◆ **What the task asks**
The material below should be copied line for line, please, with pictures omitted.

◆ **Data excerpt**
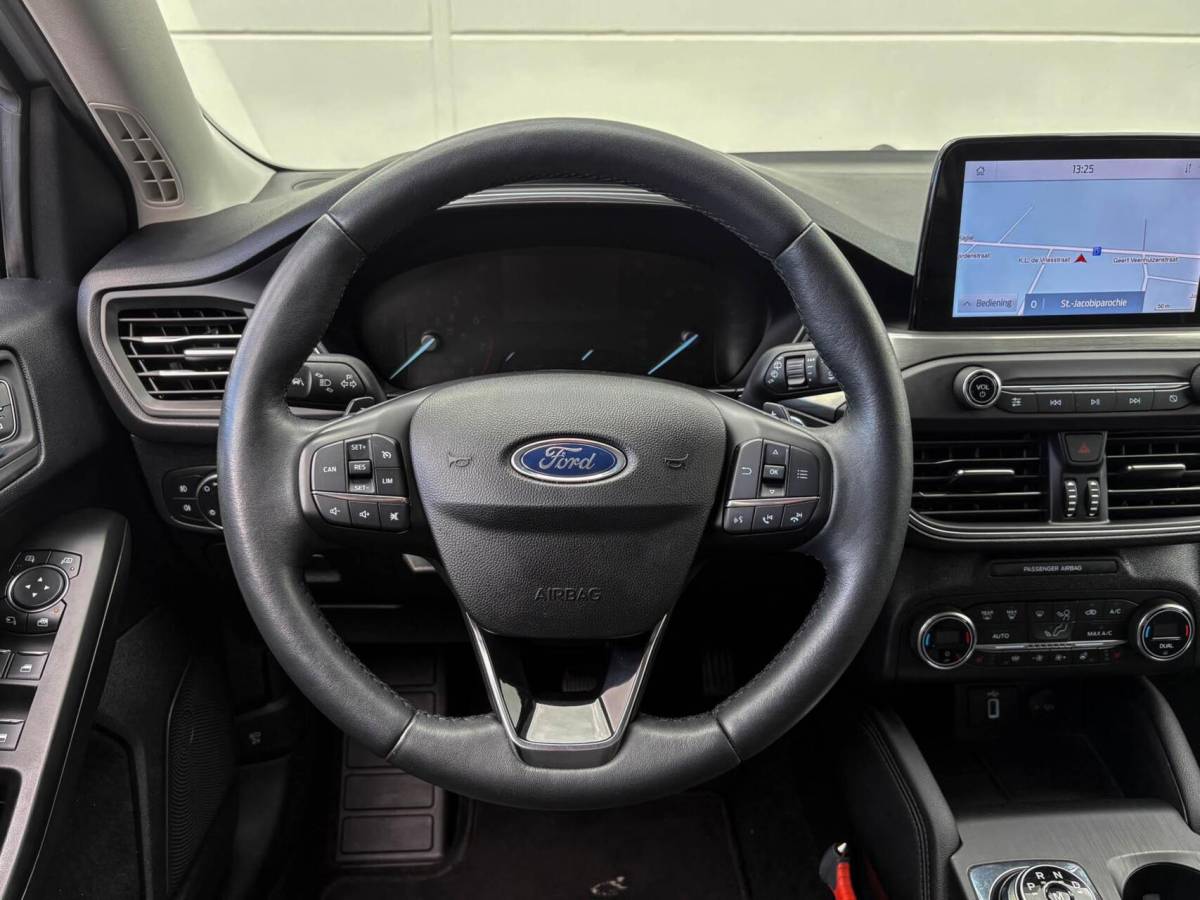 Ford Focus Ford Focus Wagon 1.0 125pk EcoBoost Automaat Titanium Business Automaat | Carplay | Winterpakket | Privacy glass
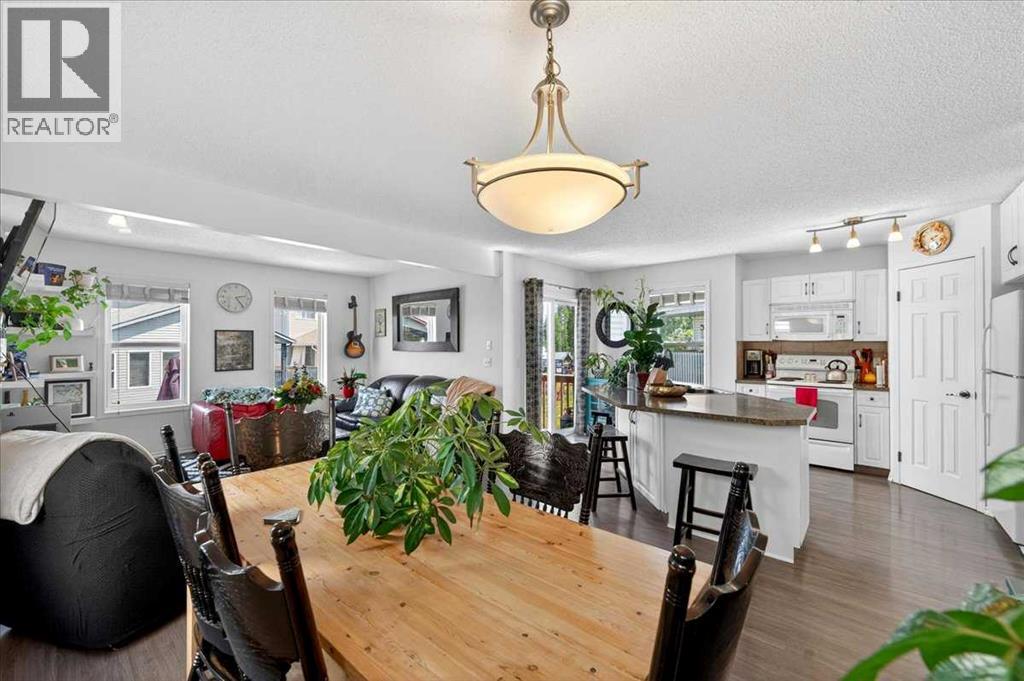 194 Everoak Gardens SW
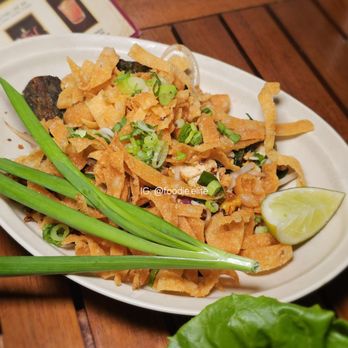 Sukh - Thai Near Me - Brooklyn, New York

◆ **Problem solution**
 Ford Focus Ford Focus Wagon 1.0 125pk EcoBoost Automaat Titanium Business Automaat | Carplay | Winterpakket | Privacy glass
 194 Everoak Gardens SW
 Sukh - Thai Near Me - Brooklyn, New York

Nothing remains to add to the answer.